Echinacea: 6 Health Benefits & How to Use (including Tea Recipe)

Echinacea is a medicinal plant that is rich in alkamides, flavonoids and polysaccharides. It contains anti-inflammatory, antiallergic and immunomodulatory properties, and is therefore widely used as a home remedy in the treatment of cold and flus. 

The scientific name of this plant is Echinacea spp. and the best-known species are Echinacea purpurea and Echinacea angustifolia. The parts that are normally used are the root or leaf of the plant, which can be used to make tea, compresses or capsules.

Echinacea can be found in herbal stores, health food stores or pharmacies. This plant should be used under the guidance of a doctor or medicinal plant specialist.

Imagem ilustrativa número 2

Health benefits

The benefits of echinacea include:

1. Boosting immunity

Echinacea is rich in alkamides, polysaccharides, glycoproteins and caffeic acid derivatives. These contain anti-inflammatory and immunomodulatory action, which help to strengthen the immune system, and prevent or combat respiratory infections, like the flu, colds, sinusitis or otitis.

This medicinal plant can also help fight chronic urinary or pelvic infections, as well as yeast infections or cold sores.

Also recommended: Immune System Boosters: Foods, Natural Remedies & Recipes

2. Fighting inflammation

Echinacea has anti-inflammatory properties that help fight inflammation and swelling. It can be useful to help treating toothaches and gum pain, for example. Learn about other anti-inflammatory teas you can prepare to manage swelling.

3. Healing the skin

Echinacea has anti-inflammatory and antibacterial action and can be used on the skin to accelerate the healing of superficial wounds. It can also help fight skin infections, such as abscesses or boils.

Furthermore, this plant can be used for skin conditions such as eczema, burns or insect poisoning.

4. Reducing anxiety

Some studies [1,2] show that echinacea has substances in its composition, such as alkamides, rosmarinic acid and caffeic acid, that contain anxiolytic action. These bind to cannabinoid receptors in the brain, helping to reduce anxiety.

However, more research is still needed to prove this benefit. Furthermore, it is important to highlight that echinacea does not replace anxiety treatment as prescribed by your doctor. Check-out other natural remedies for anxiety that you can prepare at home.

5. Regulating blood sugar

Some studies [3,4] carried out with cells in a laboratory setting show that echinacea contains substances with hypoglycemic properties. These can inhibit the enzymes that are responsible for digestiong carbohydrates, which can help reduce blood sugar levels.
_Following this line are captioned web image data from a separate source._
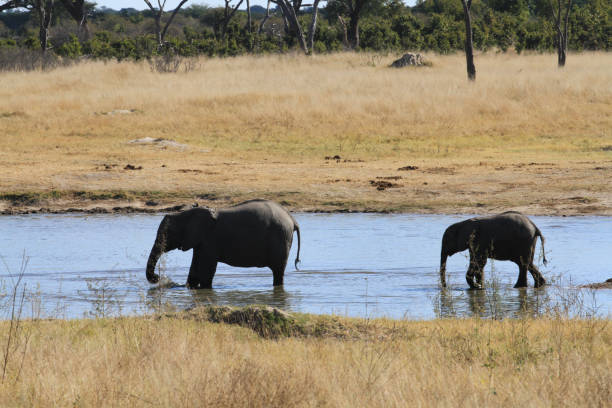 istock Hwange National Park - Zimbabwe, Part 1 880436794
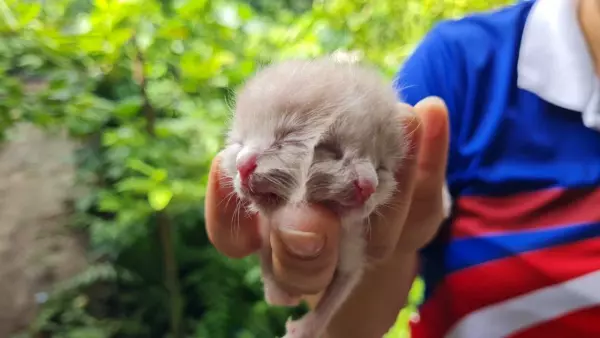 In het noorden van Thailand zag een tweekoppige kitten het levenslicht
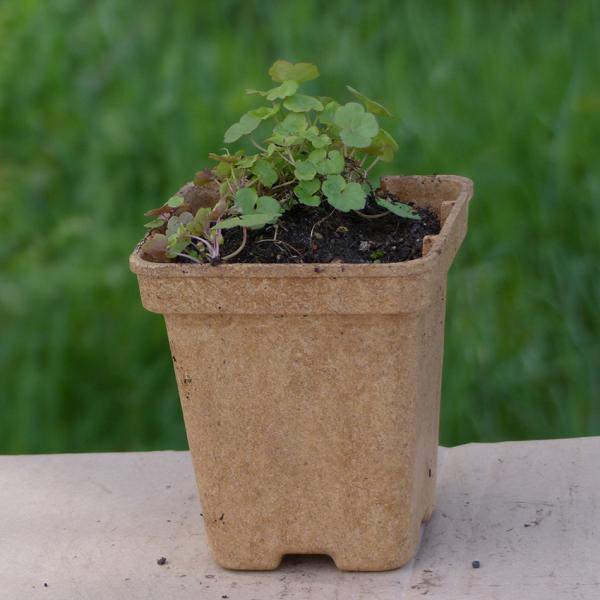 Cymbalaria muralis - Mauerblümchen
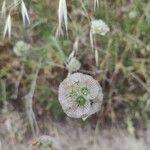 Lomelosia stellata Flower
Additionally, echinacea may help make cells more sensitive to the effects of insulin, which may be beneficial in the management of diabetes.

However, echinacea does not replace diabetes treatment as prescribed by a doctor, and more studies in humans are needed to prove this benefit.
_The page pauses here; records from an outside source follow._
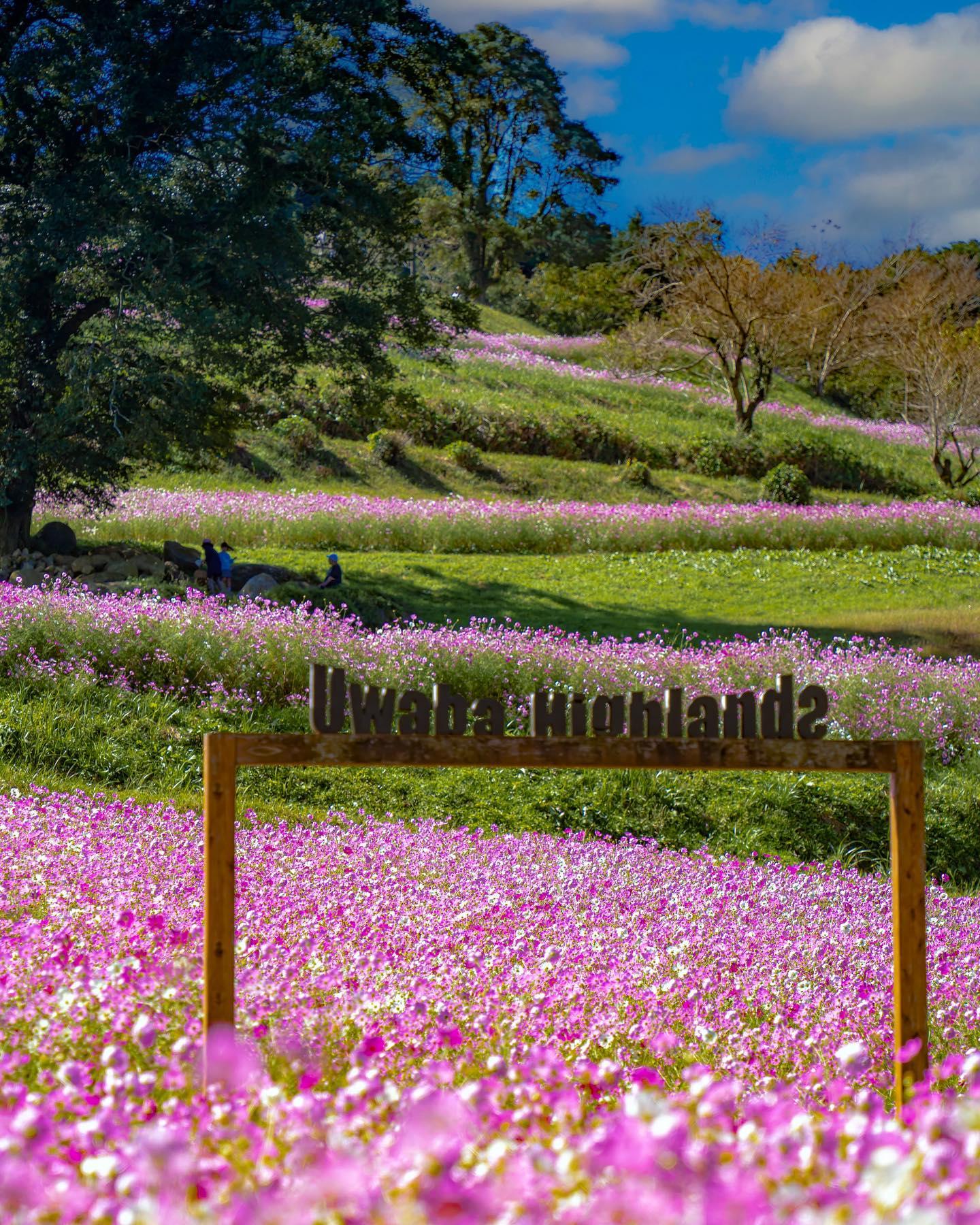 #上場高原コスモス園 #出水市-1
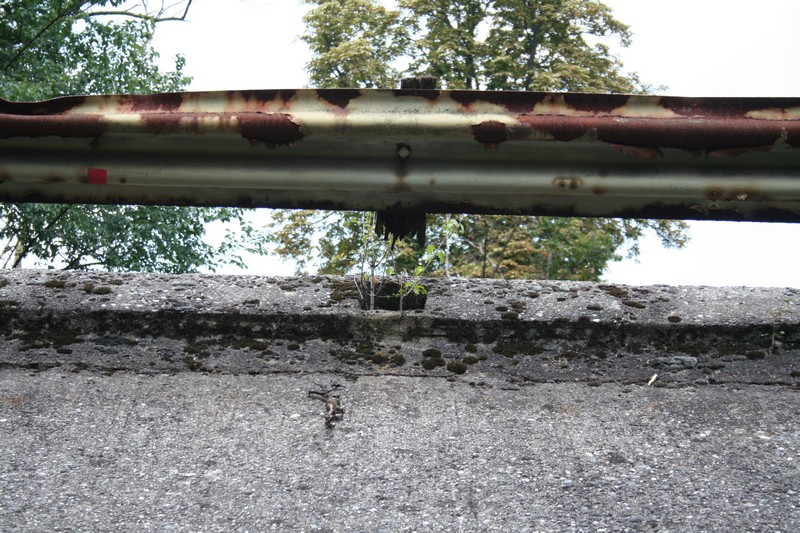 050.jpg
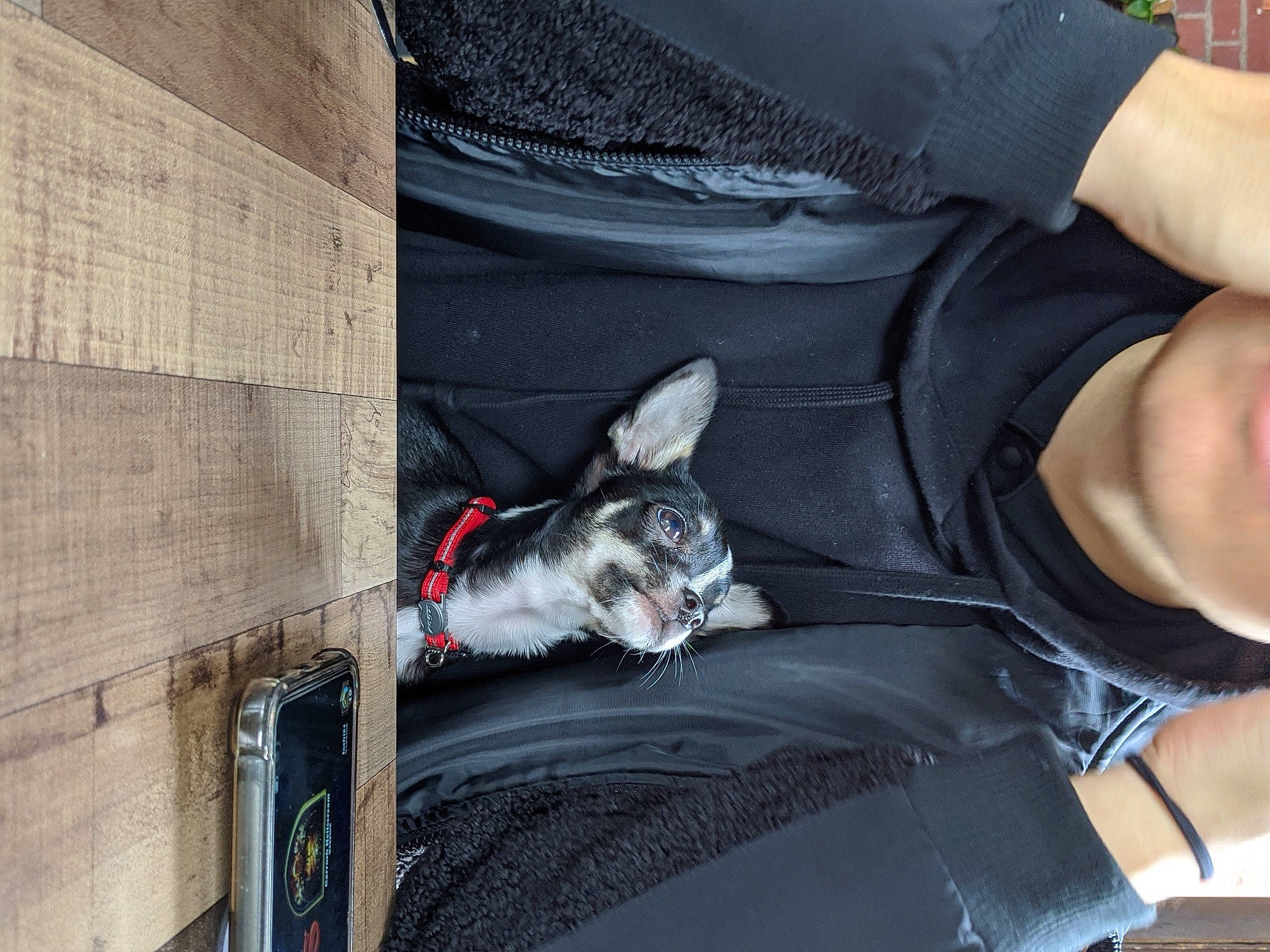 Chico joined the competition — help win amazing prizes! canidae, carnivore, cat, felidae, leash, leg, small_to_medium_sized_cats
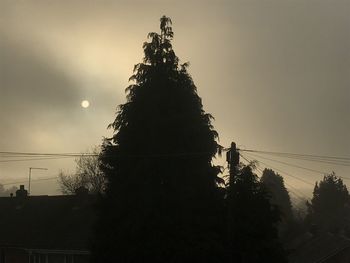 Low angle view of silhouette trees against sky during sunset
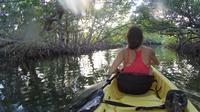 Kayak Through a Mangrove Tunnel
6. Helping to fight cancer

Some studies carried out in the laboratory with pancreatic and intestinal cancer cells show that the chicoric acid present in echinacea can help reduce cell proliferation or increase cell death of these types of cancer.

However, studies in humans are still needed to prove this benefit.

How to take

The parts of echinacea that are typically are the leaves, roots and seeds. These parts contain substances from which medicinal properties are extracted and used to prepare tea, compresses or capsules.

1. Echinacea tea

Echinacea tea is a great option to take in cases of the cold or flu, as it relieves symptoms such as coughing and a runny nose.


  • 1 teaspoon of echinacea root or leaves
  • 1 cup of boiling water


Place 1 teaspoon of echinacea root or leaves in a cup of boiling water. Let it rest for 15 minutes, strain and drink twice a day. 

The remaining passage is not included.